As it turns out, David C. Walker Intermediate School closed recently; that's why Google doesn't find what used to be its [official website](https://excellence-sa.org/walker/) (though you could probably find this on the Internet Archive's Wayback Machine). How could we avoid such blocks in the future? You could use your expanded exclusion list and if no quality URL appears in the first 10 results, consider the school closed. How else could you do this?

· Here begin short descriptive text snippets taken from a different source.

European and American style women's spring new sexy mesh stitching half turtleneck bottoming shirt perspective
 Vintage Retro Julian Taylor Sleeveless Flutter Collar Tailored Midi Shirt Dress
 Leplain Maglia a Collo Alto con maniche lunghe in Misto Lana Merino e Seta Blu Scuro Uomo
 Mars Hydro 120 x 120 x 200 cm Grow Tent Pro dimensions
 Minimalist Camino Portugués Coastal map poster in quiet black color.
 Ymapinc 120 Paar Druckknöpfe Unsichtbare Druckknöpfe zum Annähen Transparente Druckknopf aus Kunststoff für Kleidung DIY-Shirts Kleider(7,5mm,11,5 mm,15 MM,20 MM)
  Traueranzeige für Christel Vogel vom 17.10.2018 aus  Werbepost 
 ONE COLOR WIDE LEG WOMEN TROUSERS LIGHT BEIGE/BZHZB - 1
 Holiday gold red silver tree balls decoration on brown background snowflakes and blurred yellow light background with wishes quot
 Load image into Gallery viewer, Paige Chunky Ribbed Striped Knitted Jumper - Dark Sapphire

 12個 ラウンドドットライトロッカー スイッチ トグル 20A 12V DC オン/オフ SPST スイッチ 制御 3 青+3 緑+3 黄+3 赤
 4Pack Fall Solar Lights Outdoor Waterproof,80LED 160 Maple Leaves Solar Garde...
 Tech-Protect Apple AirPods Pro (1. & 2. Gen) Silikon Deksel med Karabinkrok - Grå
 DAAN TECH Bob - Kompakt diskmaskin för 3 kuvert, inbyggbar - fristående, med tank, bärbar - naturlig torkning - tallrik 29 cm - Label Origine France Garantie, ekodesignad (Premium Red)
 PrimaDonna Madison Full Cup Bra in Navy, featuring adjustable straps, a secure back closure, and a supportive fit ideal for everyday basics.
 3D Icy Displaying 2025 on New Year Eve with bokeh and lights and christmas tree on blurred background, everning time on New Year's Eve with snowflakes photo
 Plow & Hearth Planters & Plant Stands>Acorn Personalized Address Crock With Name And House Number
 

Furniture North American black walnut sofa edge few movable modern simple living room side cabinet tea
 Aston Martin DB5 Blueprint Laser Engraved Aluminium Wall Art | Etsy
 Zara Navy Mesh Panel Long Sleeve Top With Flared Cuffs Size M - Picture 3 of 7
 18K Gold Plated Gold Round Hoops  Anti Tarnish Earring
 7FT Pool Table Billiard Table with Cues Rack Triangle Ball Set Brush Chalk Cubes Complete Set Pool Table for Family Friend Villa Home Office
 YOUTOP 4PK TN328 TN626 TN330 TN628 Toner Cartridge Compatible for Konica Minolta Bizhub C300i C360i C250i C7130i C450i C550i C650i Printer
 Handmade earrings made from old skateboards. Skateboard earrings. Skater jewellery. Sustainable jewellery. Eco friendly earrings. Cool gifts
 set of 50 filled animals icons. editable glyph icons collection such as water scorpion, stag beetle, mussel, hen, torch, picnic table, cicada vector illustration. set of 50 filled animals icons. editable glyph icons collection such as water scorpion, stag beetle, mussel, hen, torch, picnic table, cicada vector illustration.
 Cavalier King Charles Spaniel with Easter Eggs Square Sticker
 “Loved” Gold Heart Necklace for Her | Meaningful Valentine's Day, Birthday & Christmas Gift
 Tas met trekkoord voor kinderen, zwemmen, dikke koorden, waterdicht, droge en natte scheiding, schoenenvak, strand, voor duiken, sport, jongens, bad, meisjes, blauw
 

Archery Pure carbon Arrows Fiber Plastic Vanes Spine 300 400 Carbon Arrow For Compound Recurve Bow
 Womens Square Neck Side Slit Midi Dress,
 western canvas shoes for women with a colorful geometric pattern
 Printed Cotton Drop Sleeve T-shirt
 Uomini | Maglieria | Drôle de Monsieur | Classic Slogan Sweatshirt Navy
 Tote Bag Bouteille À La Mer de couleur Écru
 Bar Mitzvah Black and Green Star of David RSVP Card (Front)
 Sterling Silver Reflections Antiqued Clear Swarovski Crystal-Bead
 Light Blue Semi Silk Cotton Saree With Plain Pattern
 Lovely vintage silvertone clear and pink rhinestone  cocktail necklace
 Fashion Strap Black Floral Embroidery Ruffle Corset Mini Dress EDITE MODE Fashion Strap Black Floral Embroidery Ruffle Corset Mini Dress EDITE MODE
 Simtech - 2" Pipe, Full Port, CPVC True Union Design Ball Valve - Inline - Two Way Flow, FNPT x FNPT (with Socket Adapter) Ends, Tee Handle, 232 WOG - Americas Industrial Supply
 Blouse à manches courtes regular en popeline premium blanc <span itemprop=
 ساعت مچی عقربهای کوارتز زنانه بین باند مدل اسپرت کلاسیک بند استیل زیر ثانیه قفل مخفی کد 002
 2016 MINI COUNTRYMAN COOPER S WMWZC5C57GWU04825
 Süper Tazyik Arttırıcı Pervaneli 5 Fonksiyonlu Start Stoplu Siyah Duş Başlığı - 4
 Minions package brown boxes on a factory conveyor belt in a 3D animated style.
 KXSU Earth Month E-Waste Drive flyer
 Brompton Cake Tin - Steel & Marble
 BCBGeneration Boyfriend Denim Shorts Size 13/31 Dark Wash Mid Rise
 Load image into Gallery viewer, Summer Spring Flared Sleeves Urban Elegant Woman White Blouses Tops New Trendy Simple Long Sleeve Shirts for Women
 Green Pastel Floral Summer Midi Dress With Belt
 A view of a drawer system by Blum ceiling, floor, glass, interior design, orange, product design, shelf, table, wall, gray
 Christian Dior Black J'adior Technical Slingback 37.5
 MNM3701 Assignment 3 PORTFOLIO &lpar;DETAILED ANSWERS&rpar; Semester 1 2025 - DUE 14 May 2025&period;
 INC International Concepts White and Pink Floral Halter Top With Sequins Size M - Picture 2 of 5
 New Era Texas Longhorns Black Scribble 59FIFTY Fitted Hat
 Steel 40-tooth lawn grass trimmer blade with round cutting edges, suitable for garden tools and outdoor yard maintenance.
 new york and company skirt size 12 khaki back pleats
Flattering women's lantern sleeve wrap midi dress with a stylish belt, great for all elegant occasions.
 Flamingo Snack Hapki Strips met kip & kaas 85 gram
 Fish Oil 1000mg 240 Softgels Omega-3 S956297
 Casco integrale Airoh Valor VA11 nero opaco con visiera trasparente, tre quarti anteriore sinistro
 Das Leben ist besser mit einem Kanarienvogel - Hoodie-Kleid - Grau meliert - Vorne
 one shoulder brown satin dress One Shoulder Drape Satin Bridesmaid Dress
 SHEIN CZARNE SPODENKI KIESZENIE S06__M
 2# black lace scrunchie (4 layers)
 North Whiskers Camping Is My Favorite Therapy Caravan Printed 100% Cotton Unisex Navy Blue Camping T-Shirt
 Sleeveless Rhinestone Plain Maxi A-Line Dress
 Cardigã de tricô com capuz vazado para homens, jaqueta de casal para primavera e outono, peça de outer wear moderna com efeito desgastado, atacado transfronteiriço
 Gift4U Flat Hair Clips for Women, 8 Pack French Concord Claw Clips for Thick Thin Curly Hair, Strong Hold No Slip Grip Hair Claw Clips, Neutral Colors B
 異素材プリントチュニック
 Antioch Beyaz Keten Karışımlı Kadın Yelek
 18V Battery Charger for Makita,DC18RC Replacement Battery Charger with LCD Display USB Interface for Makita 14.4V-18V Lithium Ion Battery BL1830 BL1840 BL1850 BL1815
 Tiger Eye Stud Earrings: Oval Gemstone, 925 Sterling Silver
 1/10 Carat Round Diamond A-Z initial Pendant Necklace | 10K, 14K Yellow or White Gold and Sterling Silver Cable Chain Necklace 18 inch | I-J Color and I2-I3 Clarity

## Making `Requests` <a id='request'></a>

### Challenge

Get the HTML for [this claim review by fact checking site PolitiFact](https://www.politifact.com/factchecks/2021/apr/02/citizens-united/citizens-united-calls-bidens-infrastructure-plan-g/). 
Print out the first 1000 characters and compare it to the HTML you see when you view the source HTML in your browser.

In [8]:
# solution
import requests 

url = 'https://www.politifact.com/factchecks/2021/apr/02/citizens-united/citizens-united-calls-bidens-infrastructure-plan-g/'
response = requests.get(url)
html = response.text

html[:1000]

'\n<!DOCTYPE html>\n<html lang="en-US" dir="ltr">\n<head>\n<meta charset="utf-8">\n<meta http-equiv="x-ua-compatible" content="ie=edge">\n<meta name="viewport" content="width=device-width, initial-scale=1">\n<title>PolitiFact | Citizens United calls Biden’s infrastructure plan the Green New Deal. It isn’t.</title>\n<meta name="description" content="Republican opposition to President Joe Biden’s infrastructure proposal has been swift and vocal. Senate Minority Leader " />\n<meta property="og:url" content="https://www.politifact.com/factchecks/2021/apr/02/citizens-united/citizens-united-calls-bidens-infrastructure-plan-g/" />\n<meta property="og:image" content="https://static.politifact.com/politifact/rulings/meter-mostly-false.jpg" />\n<meta property="og:image:secure_url" content="https://static.politifact.com/politifact/rulings/meter-mostly-false.jpg" />\n<meta property="og:title" content="PolitiFact - Citizens United calls Biden’s infrastructure plan the Green New Deal. It isn’t." />\

# Parsing HTML <a id='parsing'></a>

## Pretty parsing with `BeautifulSoup` <a id='BS'></a>

### Challenge

Find all the links in the above claim review page using the `<a>` tags and their `href` elements. Print every 10th link. What do you notice about where these links point?

In [None]:
# Import BeautifulSoup for parsing
from bs4 import BeautifulSoup
import requests # for making web requests

url = 'https://www.politifact.com/factchecks/2021/apr/02/citizens-united/citizens-united-calls-bidens-infrastructure-plan-g/'
html = requests.get(url)
soup = BeautifulSoup(html.text)

# solution
for link in soup.find_all('a')[::10]: # every 10th element
    print(link.get('href'))

We see lots of relative links (e.g., `/pennsylvania/`), places where the `href` seems to point nowhere (e.g., `#`), and communication shortcuts (e.g., `https://twitter.com/share?text=PolitiFact - Citizens United calls...`). This could be cleaned up by appending relative links to the domain name (`https://www.politifact.com/`) and keeping only URLs (and nothing after).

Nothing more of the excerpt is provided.